Azure / open-service-broker-azure

The Open Service Broker API Server for Azure Services
https://osba.sh
MIT License
248 stars 100 forks source link

postgresql successfully deployed on azure but ends up with OrphanMitigation, finally gets deleted and instance state is failed #681

Closed cforce closed 5 years ago

cforce commented 5 years ago

svcat provision test --class azure-postgresql-10 --plan basic -ndev --params-json '{"cores":1,"storage":10,"backupRetention":7,"location": "northeurope","resourceGroup": "deveuaks","firewallRules": [{"startIPAddress": "0.0.0.0","endIPAddress": "255.255.255.255","name":"AllowAll"}]}' --logtostderr

Is the below reason why i can't provision posgresql and end up with OrphanMitigation before it goes to failed.? Also see https://social.msdn.microsoft.com/Forums/azure/en-US/30a90ddd-0949-42c4-9504-fc7a8756fbe6/postgresql-virtual-net-rule-issue-when-having-basic-tier?forum=AzureDatabaseforPostgreSQL

time="2019-02-28T15:57:23Z" level=info msg="Open Service Broker for Azure starting" commit=4797e90 version=v1.5.0
time="2019-02-28T15:57:23Z" level=info msg="Setting log level" logLevel=INFO
time="2019-02-28T15:57:23Z" level=info msg="Sensitive instance and binding details will be encrypted" encryptionScheme=AES256
time="2019-02-28T15:57:23Z" level=info msg="API server is listening with TLS enabled" address="https://0.0.0.0:8443"
time="2019-02-28T16:04:22Z" level=error msg="error executing job; not submitting any follow-up tasks" error="error executing provisioning step \"setupDatabase\" for instance \"a960f6a1-3b71-11e9-9603-56fc98800543\": error executing provisioning step: error starting transaction: pq: Client connections to Basic tier servers through Virtual Network Service Endpoints are not supported. Virtual Network Service Endpoints are supported for General Purpose and Memory Optimized severs." job=executeProvisioningStep taskID=a0735aa3-6b08-44ac-b3fa-38e283889d7c
time="2019-02-28T16:33:06Z" level=error msg="error executing job; not submitting any follow-up tasks" error="error executing provisioning step \"setupDatabase\" for instance \"ad92f9a6-3b75-11e9-9603-56fc98800543\": error executing provisioning step: error starting transaction: pq: Client connections to Basic tier servers through Virtual Network Service Endpoints are not supported. Virtual Network Service Endpoints are supported for General Purpose and Memory Optimized severs." job=executeProvisioningStep taskID=ff79f672-e63d-42e4-8e8a-a20b3ba1b2c8

I even see in the resource group that the deployments runs. image image

Then it gets ready in azure portal postgres view..

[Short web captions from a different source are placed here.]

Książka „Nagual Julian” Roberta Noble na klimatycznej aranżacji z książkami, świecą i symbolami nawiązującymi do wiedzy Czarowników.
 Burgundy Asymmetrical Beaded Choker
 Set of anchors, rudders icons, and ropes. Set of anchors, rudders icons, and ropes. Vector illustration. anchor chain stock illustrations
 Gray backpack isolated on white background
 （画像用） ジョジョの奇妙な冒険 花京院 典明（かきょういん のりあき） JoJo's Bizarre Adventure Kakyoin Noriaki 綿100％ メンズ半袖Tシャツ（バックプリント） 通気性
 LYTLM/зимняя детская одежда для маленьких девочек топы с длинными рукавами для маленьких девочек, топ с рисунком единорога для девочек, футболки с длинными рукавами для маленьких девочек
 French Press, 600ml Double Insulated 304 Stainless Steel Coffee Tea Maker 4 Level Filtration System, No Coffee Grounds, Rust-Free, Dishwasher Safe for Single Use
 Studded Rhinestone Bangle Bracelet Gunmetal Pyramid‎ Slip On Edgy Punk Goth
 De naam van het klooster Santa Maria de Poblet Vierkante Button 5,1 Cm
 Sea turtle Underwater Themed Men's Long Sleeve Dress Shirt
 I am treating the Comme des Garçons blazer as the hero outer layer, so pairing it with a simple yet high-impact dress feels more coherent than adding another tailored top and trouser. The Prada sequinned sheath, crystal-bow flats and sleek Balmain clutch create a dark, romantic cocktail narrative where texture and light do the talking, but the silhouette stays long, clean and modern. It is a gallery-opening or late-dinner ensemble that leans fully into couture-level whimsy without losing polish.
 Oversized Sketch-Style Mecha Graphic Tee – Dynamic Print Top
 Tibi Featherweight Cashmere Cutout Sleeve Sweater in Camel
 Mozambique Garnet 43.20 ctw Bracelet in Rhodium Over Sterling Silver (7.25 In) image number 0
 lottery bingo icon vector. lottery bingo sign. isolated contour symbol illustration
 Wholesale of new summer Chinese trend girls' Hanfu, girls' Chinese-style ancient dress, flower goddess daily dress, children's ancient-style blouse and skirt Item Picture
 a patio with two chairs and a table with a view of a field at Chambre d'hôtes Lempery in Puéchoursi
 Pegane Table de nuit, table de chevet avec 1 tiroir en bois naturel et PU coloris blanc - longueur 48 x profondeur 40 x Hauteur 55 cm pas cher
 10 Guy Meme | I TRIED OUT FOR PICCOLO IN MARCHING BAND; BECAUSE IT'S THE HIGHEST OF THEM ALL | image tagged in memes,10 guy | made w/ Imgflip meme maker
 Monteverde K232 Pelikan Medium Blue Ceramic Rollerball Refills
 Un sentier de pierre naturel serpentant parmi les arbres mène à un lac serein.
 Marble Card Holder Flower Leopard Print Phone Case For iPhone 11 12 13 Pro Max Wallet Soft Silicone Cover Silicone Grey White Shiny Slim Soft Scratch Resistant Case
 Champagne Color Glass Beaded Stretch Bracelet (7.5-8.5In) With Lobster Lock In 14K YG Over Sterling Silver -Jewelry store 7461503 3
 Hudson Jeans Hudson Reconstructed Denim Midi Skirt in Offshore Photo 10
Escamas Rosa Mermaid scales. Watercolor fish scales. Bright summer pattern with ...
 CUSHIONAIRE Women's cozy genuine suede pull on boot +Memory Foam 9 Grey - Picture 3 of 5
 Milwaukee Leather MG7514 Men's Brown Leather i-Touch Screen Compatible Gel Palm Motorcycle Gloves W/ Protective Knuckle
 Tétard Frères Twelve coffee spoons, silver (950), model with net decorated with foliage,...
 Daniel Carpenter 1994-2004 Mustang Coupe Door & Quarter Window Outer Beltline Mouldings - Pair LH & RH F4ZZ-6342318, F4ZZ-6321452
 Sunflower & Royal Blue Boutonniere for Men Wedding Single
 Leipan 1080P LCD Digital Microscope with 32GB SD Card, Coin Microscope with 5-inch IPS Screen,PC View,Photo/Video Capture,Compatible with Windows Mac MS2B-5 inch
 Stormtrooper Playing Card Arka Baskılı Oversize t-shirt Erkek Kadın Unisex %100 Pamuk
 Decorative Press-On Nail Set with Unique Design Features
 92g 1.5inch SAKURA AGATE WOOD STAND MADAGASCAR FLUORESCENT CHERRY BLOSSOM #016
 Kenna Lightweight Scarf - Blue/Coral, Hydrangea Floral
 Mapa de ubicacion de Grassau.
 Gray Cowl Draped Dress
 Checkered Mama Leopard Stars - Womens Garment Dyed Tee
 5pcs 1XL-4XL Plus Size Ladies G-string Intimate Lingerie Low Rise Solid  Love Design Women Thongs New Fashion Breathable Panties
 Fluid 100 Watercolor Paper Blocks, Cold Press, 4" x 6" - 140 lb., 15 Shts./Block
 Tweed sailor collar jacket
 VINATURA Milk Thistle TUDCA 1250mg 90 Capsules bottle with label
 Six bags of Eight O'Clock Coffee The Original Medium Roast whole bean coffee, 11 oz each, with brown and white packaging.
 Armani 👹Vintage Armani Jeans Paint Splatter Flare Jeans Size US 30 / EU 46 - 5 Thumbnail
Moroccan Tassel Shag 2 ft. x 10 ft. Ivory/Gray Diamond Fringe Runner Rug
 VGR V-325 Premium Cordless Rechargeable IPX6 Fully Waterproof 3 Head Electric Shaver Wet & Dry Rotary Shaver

..then OSB says OrphanMitigation and Azure Portal shows deleting it. image It seems to make no difference if i take posgresql 9.6, or 10, if plan is database general-purpose or basic

Also found this on the logs

ervicecatalog.ClusterServicePlan ended with: very short watch: github.com/kubernetes-incubator/service-catalog/pkg/client/informers_generated/internalversion/factory.go:118: Unexpected watch close - watch lasted less than a second and no items received
W0228 20:37:43.454447       1 reflector.go:270] github.com/kubernetes-incubator/service-catalog/pkg/client/informers_generated/internalversion/factory.go:118: watch of *servicecatalog.ClusterServiceClass ended with: very short watch: github.com/kubernetes-incubator/service-catalog/pkg/client/informers_generated/internalversion/factory.go:118: Unexpected watch close - watch lasted less than a second and no items received
W0228 20:50:22.854747       1 reflector.go:270] github.com/kubernetes-incubator/service-catalog/pkg/client/informers_generated/internalversion/factory.go:118: watch of *servicecatalog.ServiceInstance ended with: very short watch: github.com/kubernetes-incubator/service-catalog/pkg/client/informers_generated/internalversion/factory.go:118: Unexpected watch close - watch lasted less than a second and no items received
W0228 20:54:39.755997       1 reflector.go:270] github.com/kubernetes-incubator/service-catalog/pkg/client/informers_generated/internalversion/factory.go:118: watch of *servicecatalog.ClusterServiceClass ended with: very short watch: github.com/kubernetes-incubator/service-catalog/pkg/client/informers_generated/internalversion/factory.go:118: Unexpected watch close - watch lasted less than a second and no items received
W0228 20:58:02.756730       1 reflector.go:270] github.com/kubernetes-incubator/service-catalog/pkg/client/informers_generated/internalversion/factory.go:118: watch of *servicecatalog.ClusterServicePlan ended with: very short watch: github.com/kubernetes-incubator/service-catalog/pkg/client/informers_generated/internalversion/factory.go:118: Unexpected watch close - watch lasted less than a second and no items received
W0228 21:07:52.155131       1 reflector.go:270] github.com/kubernetes-incubator/service-catalog/pkg/client/informers_generated/internalversion/factory.go:118: watch of *servicecatalog.ClusterServicePlan ended with: very short watch: github.com/kubernetes-incubator/service-catalog/pkg/client/informers_generated/internalversion/factory.go:118: Unexpected watch close - watch lasted less than a second and no items received
W0228 21:10:00.859114       1 reflector.go:270] github.com/kubernetes-incubator/service-catalog/pkg/client/informers_generated/internalversion/factory.go:118: watch of *servicecatalog.ClusterServiceClass ended with: very short watch: github.com/kubernetes-incubator/service-catalog/pkg/client/informers_generated/internalversion/factory.go:118: Unexpected watch close - watch lasted less than a second and no items received

Does the SP HAS to be contributor of the whole subscription? Is that because of the server, the database or the firewall resources being created? What roles exactly do i need to limit the creation of resources to the defined resource group?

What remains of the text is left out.